Deeply Trivial: Statistics Sunday: Creating a Stacked Bar Chart for Rank Data

Sunday, January 27, 2019

Statistics Sunday: Creating a Stacked Bar Chart for Rank Data

Stacked Bar Chart for Rank Data At work on Friday, I was trying to figure out the best way to display some rank data. What I had were rankings from 1-5 for 10 factors considered most important in a job (such as Salary, Insurance Benefits, and the Opportunity to Learn), meaning each respondent chose and ranked the top 5 from those 10, and the remaining 5 were unranked by that respondent. Without even thinking about the missing data issue, I computed a mean rank and called it a day. (Yes, I know that ranks are ordinal and means are for continuous data, but my goal was simply to differentiate importance of the factors and a mean seemed the best way to do it.) Of course, then we noticed one of the factors had a pretty high average rank, even though few people ranked it in the top 5. Oops.

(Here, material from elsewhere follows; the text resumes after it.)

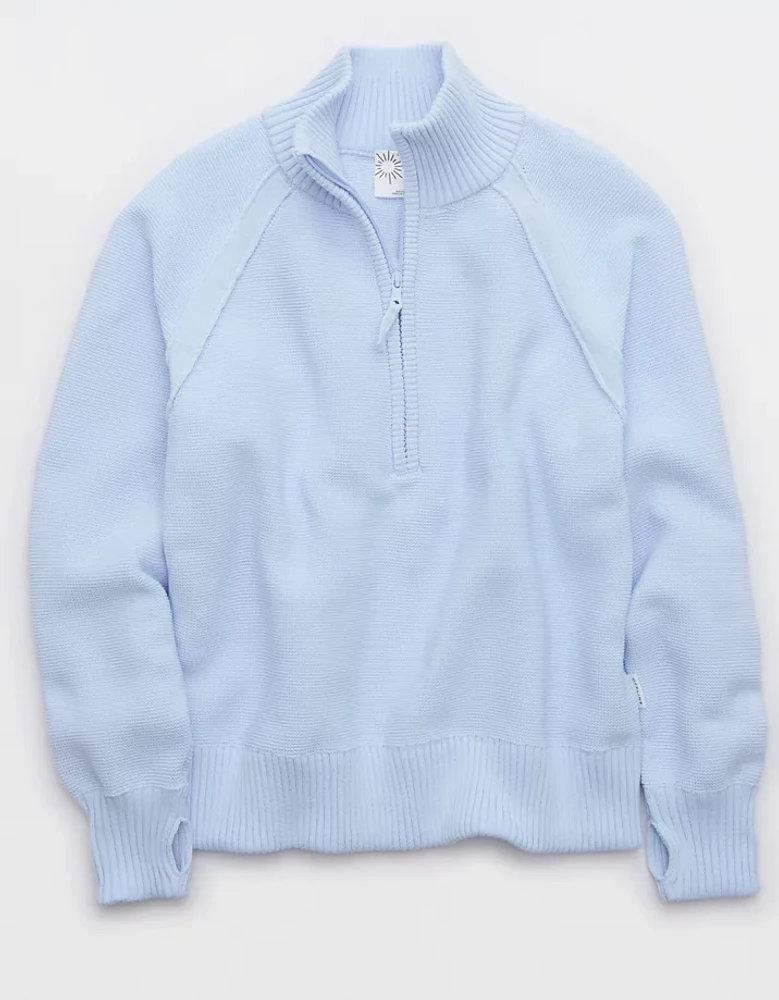 OFFLINE By Aerie Cool Down Quarter Zip Sweater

So how could I present these results? One idea I had was a stacked bar chart, and it took a bit of data wrangling to do it. That is, the rankings were all in separate variables, but I want them all on the same chart. Basically, I needed to create a dataset with:

1 variable to represent the ranking given (1-5, or 6 that I called "Not Ranked")
1 variable to represent the number of people giving that particular rank that particular factor

What I ultimately did was run frequencies for the factor variables, turn those frequency tables into data frames, and merged them together with rbind. I then created chart with ggplot. Here's some code for a simplified example, which only uses 6 factors and asks people to rank the top 3.

First, let's read in our sample dataset - note that these data were generated only for this example and are not real data:

library(tidyverse)

## -- Attaching packages --------------------------------------------------------------------------------------------------------------------- tidyverse 1.2.1 --

## v ggplot2 3.0.0     v purrr   0.2.4
## v tibble  1.4.2     v dplyr   0.7.4
## v tidyr   0.8.0     v stringr 1.3.1
## v readr   1.1.1     v forcats 0.3.0

## Warning: package 'ggplot2' was built under R version 3.5.1

## -- Conflicts ------------------------------------------------------------------------------------------------------------------------ tidyverse_conflicts() --
## x dplyr::filter() masks stats::filter()
## x dplyr::lag()    masks stats::lag()

ranks <- read_csv("C:/Users/slocatelli/Desktop/sample_ranks.csv", col_names = TRUE)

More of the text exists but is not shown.